SÓCRATES: “Te lo diré de otra manera. Si cuando fuese a salir de aquí o a fugarme -llámalo como quieras- se me aparecieran las leyes y la mayoría de los atenienses, y poniéndose delante de mí me dijeran: -¿Qué vas a hacer, Sócrates? ¿No es cierto que con la acción que vas a realizar tratas, en la medida de tus posibilidades, de destruirnos a las leyes y a toda la ciudad?”- (cambien por: “al Estatuto y a toda Cataluña”).

“Y en cuanto a ti, primero, si te vas a alguna de las ciudades cercanas, como Tebas o Megara (cambien por: “Dinamarca u otros países sin nacionalistas xenófobos”), que se rigen por buenas leyes, serás recibido como enemigo de su orden político (cambien por: “orden europeo”) y todos los que respetan a sus ciudades sospecharán que en cualquier momento puedes violar las leyes.”

“Pero, segundo, supón que te vas más lejos, que te marchas a Tesalia (cambien por: “Bruselas”), donde viven los amigos de Critón. Es cierto que allí son más indisciplinados y licenciosos, por lo que tal vez te escuchen divertidos cuando les cuentes de forma chusca cómo te fugaste, poniéndote un disfraz, cubriéndote con una piel o utilizando cualquiera de los recursos propios de los fugitivos, para que nadie te reconociera. ¿Ibas a vivir, entonces, adulando a todo el mundo y rebajándote ante cualquiera? ¿Qué harías en Tesalia, darte la buena vida, como si no hubieras ido allí a otra cosa que a comer y a beber? ¿Qué quedará de todos los discursos sobre la justicia y las demás virtudes?”

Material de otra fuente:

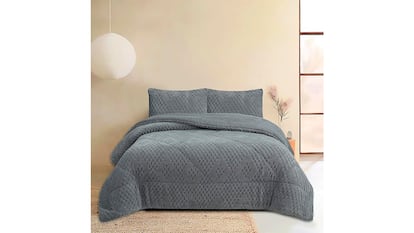 Colcha de invierno sobre fondo blanco.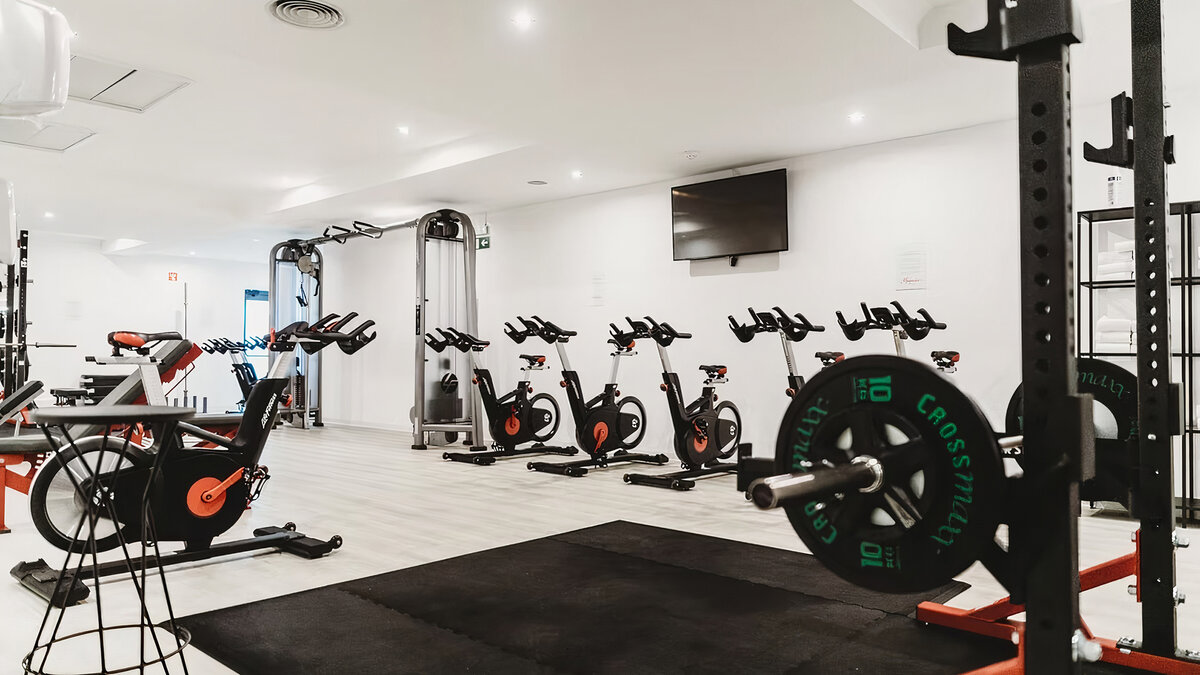 Пример оформления фитнес-клуба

Critón fue un discípulo de Sócrates muy rico y que fue el que le ofreció dinero para huir de Atenas. Al final del diálogo entre ambos, Sócrates se dice a sí mismo: “De modo, Sócrates, que no te dejes convencer por Critón, sino por nosotras, las leyes.”

Entonces, Critón dice: “Realmente, Sócrates, no tengo nada que decir”.

Y Sócrates concluye: “Entonces, mi querido Critón, dejemos así las cosas y sigamos la senda que el dios nos ha trazado” (la coherencia moral de aceptar las leyes aunque suponga sacrificar la vida).

Este es el fondo moral del pensamiento europeo, y por eso Puigdemont está fuera de él.

Juan José Laborda

Consejero de Estado-Historiador.

JUAN JOSÉ LABORDA MARTIN es senador constituyente por Burgos y fue presidente del Senado.